When you’re deciding whether you can afford to make payments on a debt consolidation loan, don’t forget about secured debt payments that won’t be included in the loan and other monthly bills. While a lower interest rate or longer loan term may help improve your financial situation, it’s generally not wise to choose a solution without taking a hard look at the big picture--including your spending habits.
Will Debt Consolidation Affect My Credit Score?
The impact on your credit score will vary depending on your specific situation. But, many people see credit scores improve after debt consolidation. If you pay off credit card balances with a debt consolidation loan, you’ll instantly see a big drop in the percentage of available credit you’re using. That’s a key factor in calculating your credit score.
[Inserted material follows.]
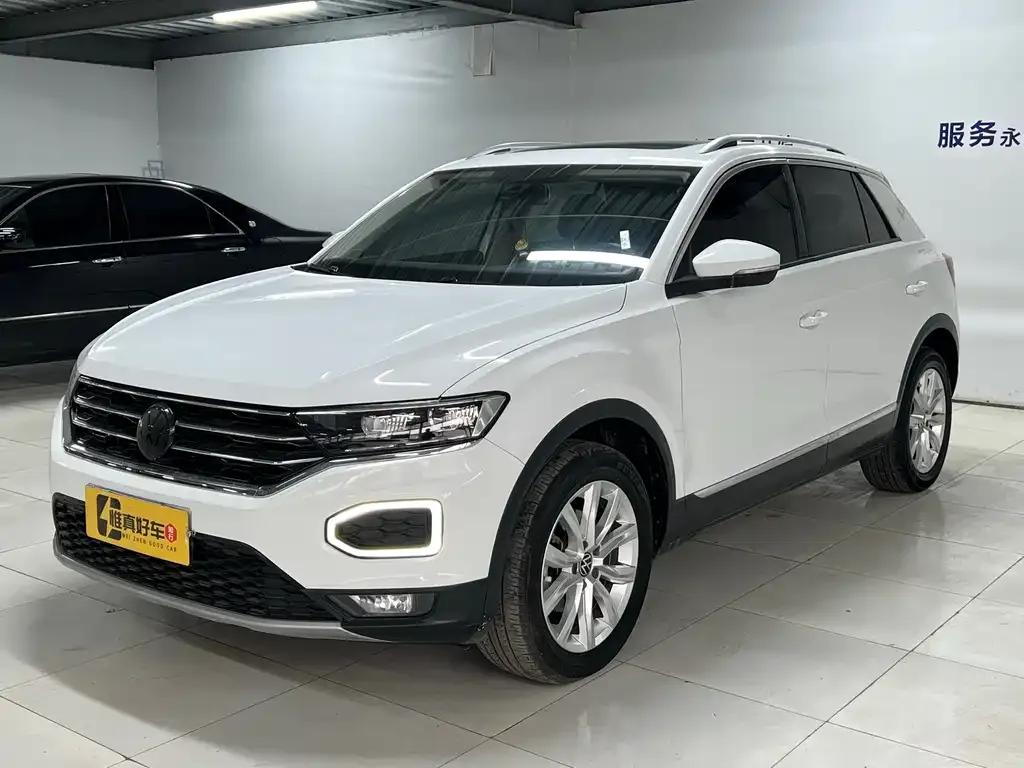 Volkswagen T-Roc 2021 из CN, фото 1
And, if you’ve been juggling payments and falling behind, debt consolidation can put an end to late payments. Be careful, though. Continuing to use those credit cards and not pay them off monthly can put you even deeper in debt. And, your credit score will suffer as you use more of your available credit.
Some types of debt consolidation may temporarily lower your credit score. That’s because you may be required to close credit cards and other accounts included in the consolidation, especially if you’re in a debt management plan. Closing accounts will lower the average age of your credit accounts, and may increase the percentage of available credit you are using. Both of these items factor into your credit score.
However, many people who are considering debt relief options are carrying high balances and already have a history of late payments. So, you may already be fighting bad credit. Timely payments on your new loan will appear on your credit report, and will help you begin to build a stronger credit history right away.
How is Debt Consolidation Different from Debt Settlement?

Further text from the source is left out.